GitHub - tbonelaforge/first_nonrepeated_character: Analyzing two different algorithms for solving the same problem

Branches Tags

Name		Name	Last commit message	Last commit date
Latest commit History 2 Commits
hash		hash
list		list
test_data		test_data
threaded		threaded
README		README
first_nonrepeated_char_hash		first_nonrepeated_char_hash
first_nonrepeated_char_hash.c		first_nonrepeated_char_hash.c
first_nonrepeated_char_treap		first_nonrepeated_char_treap
first_nonrepeated_char_treap.c		first_nonrepeated_char_treap.c
makefile		makefile
random_chars		random_chars
random_chars.c		random_chars.c

Repository files navigation

    This project is testing two different methods of solving the same problem. 
The problem was posed to me as an interview question, and can be stated as follows:

    Given a string of characters, find the first non-repeated character in the string.

The two methods I'm testing are the "hash" method, and the "treap" method.

The hash method consists of going through each character in the string, 
and building up a frequency hash which records the number of occurrences of each character
in the string, along with the first index at which the character was encountered.
Then, after the hash is constructed, the keys of the hash are listed out, 
giving a list of all the unique characters encountered in the string.  
Finally, go through each character in the list of keys, and find the minimum.
In this case, a character is defined to be "less than" another character if it
occurs less frequently.  If two different characters occur the same number of times,
the one with the smallest index is the minimum.

The treap method is conceptually more complicated. 
It involves a data structure called a treap, which is an amalgam of a binary search tree,
and a priority heap.  The unique characters, along with their number of occurrences, are inserted into the treap using binary search.
If a character already exists, then it's number of occurrences is incremented in place.
Then, a series of order-preserving rotations are performed which bring the tree back to a priority heap.
Here the priority ordering is defined by the same "less than" definition which was used above,
so that by the time the last character is inserted, the least frequently occurring character, 
with the smallest index, is at the top of the treap.

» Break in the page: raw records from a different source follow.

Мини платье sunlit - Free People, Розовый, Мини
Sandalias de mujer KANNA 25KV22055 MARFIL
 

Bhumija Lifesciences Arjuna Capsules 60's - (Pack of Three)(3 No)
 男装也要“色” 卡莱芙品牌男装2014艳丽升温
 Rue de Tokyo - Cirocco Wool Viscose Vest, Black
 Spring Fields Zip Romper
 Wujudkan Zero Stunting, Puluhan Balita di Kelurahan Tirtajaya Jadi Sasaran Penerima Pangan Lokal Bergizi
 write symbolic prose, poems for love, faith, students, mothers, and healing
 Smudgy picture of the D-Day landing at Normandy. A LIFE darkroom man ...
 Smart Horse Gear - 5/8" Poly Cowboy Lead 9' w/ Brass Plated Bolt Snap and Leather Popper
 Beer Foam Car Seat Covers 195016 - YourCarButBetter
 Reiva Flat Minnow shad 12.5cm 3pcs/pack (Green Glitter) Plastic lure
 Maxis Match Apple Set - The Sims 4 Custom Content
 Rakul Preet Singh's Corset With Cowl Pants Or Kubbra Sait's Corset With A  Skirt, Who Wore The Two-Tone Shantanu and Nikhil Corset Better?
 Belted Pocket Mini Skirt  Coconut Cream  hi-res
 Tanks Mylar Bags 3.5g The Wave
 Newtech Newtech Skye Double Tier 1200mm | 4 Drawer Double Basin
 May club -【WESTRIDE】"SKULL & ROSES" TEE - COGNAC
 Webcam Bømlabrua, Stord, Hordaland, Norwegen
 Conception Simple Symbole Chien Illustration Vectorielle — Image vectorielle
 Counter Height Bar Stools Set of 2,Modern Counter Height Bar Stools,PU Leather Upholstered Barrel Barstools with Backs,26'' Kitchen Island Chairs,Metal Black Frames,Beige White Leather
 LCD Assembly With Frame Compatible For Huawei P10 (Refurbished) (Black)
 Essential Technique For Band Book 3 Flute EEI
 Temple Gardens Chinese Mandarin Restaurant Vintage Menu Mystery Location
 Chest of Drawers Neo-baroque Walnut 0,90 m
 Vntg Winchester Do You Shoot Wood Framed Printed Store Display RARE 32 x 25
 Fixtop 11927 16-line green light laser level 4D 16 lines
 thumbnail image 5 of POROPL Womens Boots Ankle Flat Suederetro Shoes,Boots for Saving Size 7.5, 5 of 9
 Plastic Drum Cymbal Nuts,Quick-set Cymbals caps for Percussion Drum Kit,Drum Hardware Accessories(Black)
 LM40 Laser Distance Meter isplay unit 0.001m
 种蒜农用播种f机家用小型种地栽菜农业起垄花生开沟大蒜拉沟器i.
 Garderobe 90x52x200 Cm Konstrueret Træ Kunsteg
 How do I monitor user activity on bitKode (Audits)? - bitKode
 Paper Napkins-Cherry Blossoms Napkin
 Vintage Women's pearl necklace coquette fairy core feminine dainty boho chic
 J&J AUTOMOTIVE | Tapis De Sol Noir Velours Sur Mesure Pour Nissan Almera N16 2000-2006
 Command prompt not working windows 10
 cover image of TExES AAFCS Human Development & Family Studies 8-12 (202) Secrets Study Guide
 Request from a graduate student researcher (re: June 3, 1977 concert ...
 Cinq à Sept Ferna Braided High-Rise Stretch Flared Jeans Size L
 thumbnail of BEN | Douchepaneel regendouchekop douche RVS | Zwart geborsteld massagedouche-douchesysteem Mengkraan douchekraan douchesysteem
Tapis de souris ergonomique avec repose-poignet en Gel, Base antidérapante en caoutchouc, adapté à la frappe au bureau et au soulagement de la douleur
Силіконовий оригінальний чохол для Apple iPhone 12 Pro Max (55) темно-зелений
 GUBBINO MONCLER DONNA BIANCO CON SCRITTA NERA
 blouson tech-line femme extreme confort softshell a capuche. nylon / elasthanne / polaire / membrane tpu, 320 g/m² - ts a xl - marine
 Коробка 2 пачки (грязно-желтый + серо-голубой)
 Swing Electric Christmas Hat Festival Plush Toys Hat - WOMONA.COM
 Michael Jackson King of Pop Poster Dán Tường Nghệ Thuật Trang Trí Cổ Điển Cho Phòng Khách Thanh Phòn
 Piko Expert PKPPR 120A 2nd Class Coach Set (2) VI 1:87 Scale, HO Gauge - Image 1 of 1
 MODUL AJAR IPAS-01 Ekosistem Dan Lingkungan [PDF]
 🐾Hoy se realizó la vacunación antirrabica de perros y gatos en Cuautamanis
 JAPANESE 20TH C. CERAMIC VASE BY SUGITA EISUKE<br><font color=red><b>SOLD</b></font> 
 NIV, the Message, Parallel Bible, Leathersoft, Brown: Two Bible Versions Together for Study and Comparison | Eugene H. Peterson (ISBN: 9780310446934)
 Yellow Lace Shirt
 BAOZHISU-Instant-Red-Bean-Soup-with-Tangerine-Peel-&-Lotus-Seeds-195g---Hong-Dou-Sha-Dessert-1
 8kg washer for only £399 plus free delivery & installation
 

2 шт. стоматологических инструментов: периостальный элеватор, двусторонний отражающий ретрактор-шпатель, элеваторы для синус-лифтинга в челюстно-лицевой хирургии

What is surprising about this experiment, at least to me, was the fact that the treap method was slower.
Both methods are linear in the number of characters in the string, as long as the size of the alphabet is constant.
More precisely, the time complexity is O( n * lg(M) ), where M is the number of characters in the alphabet.
However, the tree rotations involved in the treap method made the constant of proportionality about twice as large as the hash method!

The following is a plot of the average amount of time ( in seconds ) vs. the number of characters in the string ( The steeper line is the treap method. ).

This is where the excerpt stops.